### What is needed
One part of the entries below is wanted: the lines from the one containing "Rayher Fabric marker" through the one containing "Weilim Montessori - Juguetes". Write those out exactly and nothing else.

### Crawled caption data
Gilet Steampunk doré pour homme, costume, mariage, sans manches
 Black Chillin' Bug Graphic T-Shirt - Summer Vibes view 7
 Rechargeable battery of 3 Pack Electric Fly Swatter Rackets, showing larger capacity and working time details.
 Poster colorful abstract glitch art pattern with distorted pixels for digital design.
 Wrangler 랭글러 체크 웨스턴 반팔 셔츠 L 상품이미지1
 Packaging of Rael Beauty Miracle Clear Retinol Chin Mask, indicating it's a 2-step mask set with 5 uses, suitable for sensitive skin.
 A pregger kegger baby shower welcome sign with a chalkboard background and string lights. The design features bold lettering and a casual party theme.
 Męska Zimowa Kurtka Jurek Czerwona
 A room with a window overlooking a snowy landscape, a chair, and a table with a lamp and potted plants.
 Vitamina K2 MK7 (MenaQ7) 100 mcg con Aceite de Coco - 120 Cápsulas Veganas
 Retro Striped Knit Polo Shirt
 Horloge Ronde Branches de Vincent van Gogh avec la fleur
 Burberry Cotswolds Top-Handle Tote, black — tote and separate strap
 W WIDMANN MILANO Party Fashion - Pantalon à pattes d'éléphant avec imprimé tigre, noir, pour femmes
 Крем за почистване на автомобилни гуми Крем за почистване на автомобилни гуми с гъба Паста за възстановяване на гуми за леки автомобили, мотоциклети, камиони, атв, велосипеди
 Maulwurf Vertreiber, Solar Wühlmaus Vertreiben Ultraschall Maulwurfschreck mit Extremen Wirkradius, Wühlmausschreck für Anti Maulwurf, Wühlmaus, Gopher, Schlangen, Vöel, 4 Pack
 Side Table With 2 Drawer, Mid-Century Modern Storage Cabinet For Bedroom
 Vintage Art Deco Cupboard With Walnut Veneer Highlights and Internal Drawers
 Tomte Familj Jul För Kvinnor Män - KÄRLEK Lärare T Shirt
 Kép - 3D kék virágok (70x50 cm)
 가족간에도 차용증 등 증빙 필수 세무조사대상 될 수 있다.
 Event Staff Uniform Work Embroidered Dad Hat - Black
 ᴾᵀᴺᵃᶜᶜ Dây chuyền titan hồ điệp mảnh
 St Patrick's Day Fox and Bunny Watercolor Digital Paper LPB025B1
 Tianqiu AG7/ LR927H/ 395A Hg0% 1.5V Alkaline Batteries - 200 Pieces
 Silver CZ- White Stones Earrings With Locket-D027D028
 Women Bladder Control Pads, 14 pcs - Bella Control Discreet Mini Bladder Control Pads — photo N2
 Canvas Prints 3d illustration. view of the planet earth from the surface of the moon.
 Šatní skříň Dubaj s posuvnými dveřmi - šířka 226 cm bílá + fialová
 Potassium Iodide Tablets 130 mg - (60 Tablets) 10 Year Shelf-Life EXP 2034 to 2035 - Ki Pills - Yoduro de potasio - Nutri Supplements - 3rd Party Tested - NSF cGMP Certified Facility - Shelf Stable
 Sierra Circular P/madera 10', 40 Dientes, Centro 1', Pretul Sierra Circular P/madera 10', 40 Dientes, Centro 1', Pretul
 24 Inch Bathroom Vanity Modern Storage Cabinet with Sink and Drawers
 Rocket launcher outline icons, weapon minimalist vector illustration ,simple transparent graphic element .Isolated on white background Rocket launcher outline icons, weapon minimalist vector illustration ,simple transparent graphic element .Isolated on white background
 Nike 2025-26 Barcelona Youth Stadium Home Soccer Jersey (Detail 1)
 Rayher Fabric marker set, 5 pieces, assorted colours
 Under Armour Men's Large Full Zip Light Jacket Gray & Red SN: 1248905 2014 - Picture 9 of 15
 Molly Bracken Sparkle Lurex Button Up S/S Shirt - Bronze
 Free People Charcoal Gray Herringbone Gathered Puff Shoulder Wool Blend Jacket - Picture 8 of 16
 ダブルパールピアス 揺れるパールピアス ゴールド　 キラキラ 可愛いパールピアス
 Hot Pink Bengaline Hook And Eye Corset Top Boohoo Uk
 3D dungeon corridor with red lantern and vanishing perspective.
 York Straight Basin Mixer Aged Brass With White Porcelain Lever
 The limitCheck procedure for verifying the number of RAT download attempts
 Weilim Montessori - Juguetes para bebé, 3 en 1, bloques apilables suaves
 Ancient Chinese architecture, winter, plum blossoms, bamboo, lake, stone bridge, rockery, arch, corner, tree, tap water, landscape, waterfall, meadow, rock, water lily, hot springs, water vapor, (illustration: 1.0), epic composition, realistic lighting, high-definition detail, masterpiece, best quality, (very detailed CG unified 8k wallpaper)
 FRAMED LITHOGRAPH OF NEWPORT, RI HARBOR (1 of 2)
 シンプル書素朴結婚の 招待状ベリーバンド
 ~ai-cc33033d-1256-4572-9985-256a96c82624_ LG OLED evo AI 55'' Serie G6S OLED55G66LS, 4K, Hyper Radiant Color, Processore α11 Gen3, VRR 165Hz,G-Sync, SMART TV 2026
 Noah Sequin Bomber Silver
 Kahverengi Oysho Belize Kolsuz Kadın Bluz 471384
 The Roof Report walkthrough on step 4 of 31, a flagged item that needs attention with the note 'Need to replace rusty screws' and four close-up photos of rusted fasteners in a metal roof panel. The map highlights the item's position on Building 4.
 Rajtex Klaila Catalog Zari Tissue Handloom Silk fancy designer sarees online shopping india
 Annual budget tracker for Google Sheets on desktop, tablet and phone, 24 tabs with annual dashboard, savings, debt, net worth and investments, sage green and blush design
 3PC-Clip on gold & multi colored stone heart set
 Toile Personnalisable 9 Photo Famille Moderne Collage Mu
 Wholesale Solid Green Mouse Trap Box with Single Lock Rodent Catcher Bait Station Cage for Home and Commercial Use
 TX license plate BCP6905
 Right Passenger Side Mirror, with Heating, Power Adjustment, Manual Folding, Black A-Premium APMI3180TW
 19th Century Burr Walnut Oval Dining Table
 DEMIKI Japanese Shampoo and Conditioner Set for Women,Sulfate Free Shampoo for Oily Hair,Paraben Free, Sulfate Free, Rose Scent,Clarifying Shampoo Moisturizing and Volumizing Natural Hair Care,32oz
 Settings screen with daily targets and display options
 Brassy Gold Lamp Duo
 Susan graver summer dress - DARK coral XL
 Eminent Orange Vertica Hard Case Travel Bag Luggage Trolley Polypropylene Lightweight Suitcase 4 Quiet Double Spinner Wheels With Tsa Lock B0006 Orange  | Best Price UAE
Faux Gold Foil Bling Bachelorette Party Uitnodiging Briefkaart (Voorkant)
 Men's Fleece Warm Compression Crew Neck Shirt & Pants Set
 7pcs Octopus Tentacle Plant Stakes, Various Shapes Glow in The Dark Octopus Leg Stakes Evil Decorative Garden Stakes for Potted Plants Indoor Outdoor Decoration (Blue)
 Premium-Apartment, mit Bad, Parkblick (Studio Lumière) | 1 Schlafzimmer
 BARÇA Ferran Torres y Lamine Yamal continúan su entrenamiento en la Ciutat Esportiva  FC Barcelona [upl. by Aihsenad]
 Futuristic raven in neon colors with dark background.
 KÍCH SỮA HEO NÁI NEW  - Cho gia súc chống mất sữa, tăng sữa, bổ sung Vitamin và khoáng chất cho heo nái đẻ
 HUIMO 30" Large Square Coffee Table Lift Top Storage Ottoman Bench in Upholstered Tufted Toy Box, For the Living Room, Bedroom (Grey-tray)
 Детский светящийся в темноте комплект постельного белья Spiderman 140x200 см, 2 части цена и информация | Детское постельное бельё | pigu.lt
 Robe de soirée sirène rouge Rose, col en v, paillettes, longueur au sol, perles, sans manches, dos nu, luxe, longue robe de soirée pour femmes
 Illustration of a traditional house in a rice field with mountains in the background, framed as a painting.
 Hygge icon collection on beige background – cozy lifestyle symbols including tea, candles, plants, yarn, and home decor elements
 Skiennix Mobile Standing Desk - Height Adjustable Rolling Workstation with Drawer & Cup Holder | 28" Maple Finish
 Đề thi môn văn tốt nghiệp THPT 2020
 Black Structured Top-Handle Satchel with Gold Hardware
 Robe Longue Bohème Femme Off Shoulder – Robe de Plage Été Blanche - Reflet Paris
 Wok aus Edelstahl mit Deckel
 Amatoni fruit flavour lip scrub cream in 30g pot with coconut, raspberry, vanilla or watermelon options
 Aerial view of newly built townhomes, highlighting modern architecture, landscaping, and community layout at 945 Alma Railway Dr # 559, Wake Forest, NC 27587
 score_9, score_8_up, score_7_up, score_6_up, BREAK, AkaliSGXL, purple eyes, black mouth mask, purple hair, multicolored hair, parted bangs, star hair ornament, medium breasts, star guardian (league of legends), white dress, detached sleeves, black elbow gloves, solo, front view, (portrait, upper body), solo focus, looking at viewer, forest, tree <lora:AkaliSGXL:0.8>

### Result below
 Rayher Fabric marker set, 5 pieces, assorted colours
 Under Armour Men's Large Full Zip Light Jacket Gray & Red SN: 1248905 2014 - Picture 9 of 15
 Molly Bracken Sparkle Lurex Button Up S/S Shirt - Bronze
 Free People Charcoal Gray Herringbone Gathered Puff Shoulder Wool Blend Jacket - Picture 8 of 16
 ダブルパールピアス 揺れるパールピアス ゴールド　 キラキラ 可愛いパールピアス
 Hot Pink Bengaline Hook And Eye Corset Top Boohoo Uk
 3D dungeon corridor with red lantern and vanishing perspective.
 York Straight Basin Mixer Aged Brass With White Porcelain Lever
 The limitCheck procedure for verifying the number of RAT download attempts
 Weilim Montessori - Juguetes para bebé, 3 en 1, bloques apilables suaves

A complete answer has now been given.